[Opening Data under study section]
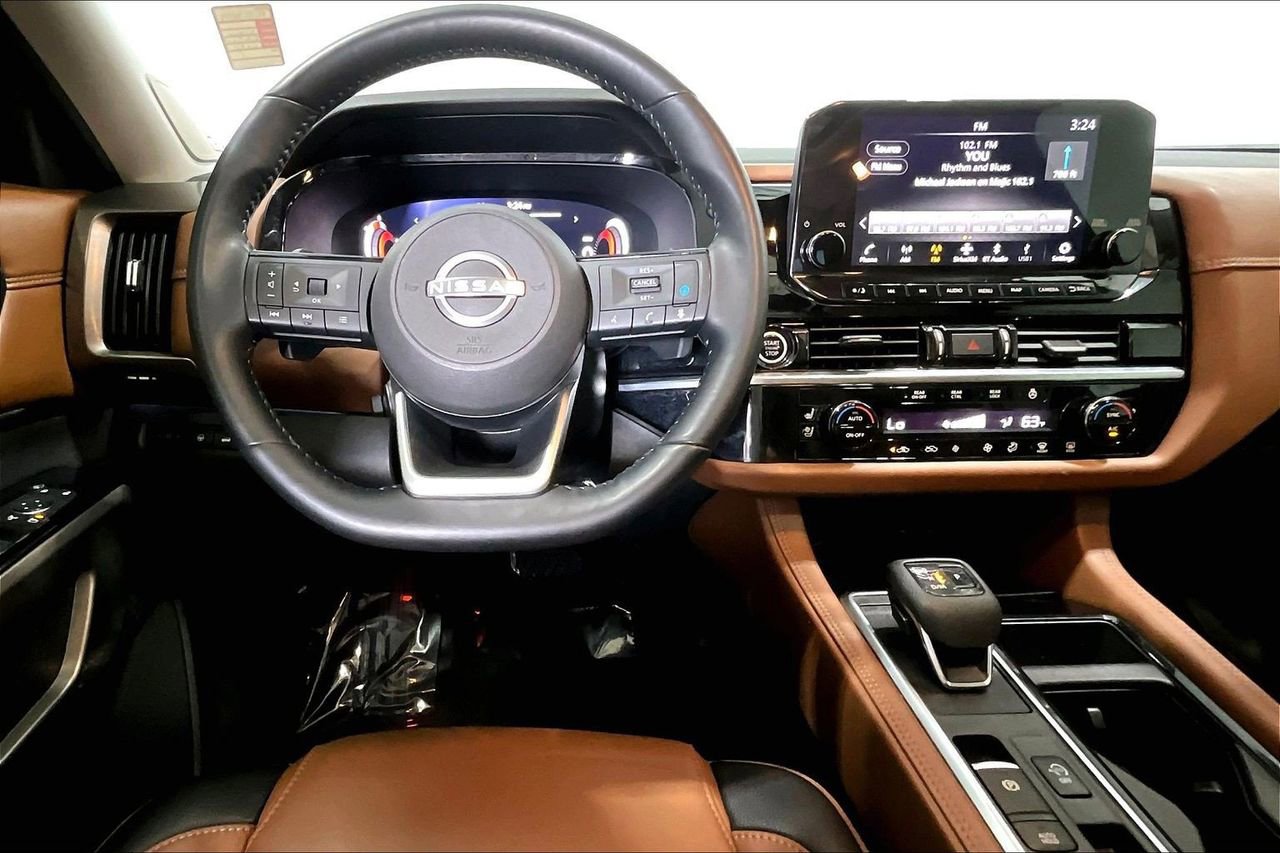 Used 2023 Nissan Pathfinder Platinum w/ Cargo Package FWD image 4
[Closing Data under study section]
[Opening Data under study section]
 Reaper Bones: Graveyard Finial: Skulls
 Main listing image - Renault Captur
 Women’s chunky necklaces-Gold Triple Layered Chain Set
[Closing Data under study section]
[Opening Data under study section]
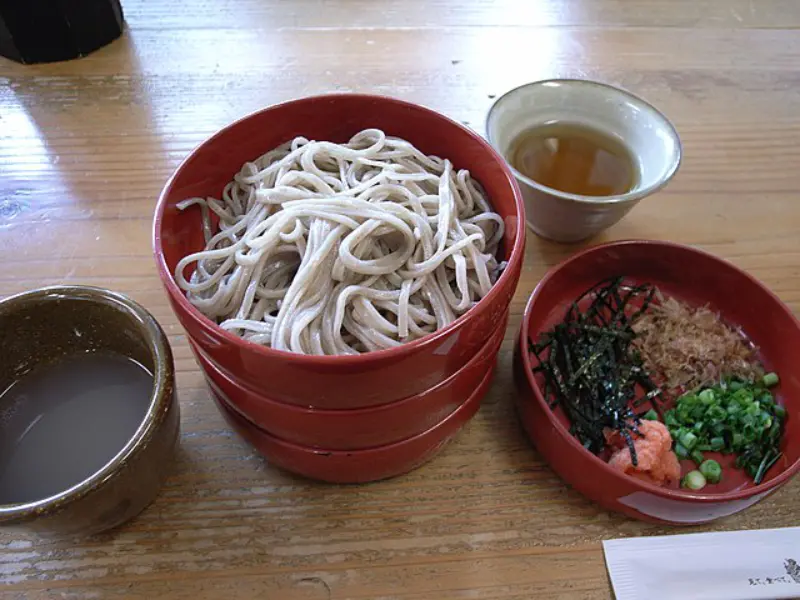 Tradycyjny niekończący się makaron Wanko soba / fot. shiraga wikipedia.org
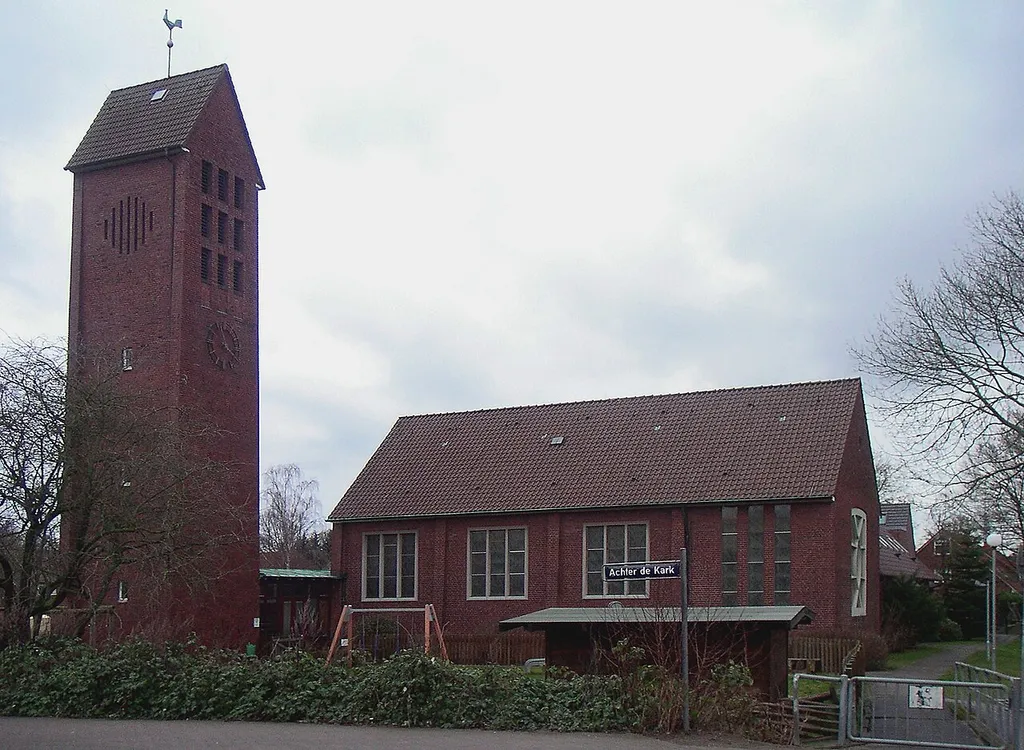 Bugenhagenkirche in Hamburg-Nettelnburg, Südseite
[Closing Data under study section]
Restate word for word the lines of the data above that begin at the line with "Tradycyjny niekończący się" and end at the line with "Bugenhagenkirche in Hamburg-Nettelnburg, Südseite", keeping both ends and dropping every picture.

**Result**
 Tradycyjny niekończący się makaron Wanko soba / fot. shiraga wikipedia.org
 Bugenhagenkirche in Hamburg-Nettelnburg, Südseite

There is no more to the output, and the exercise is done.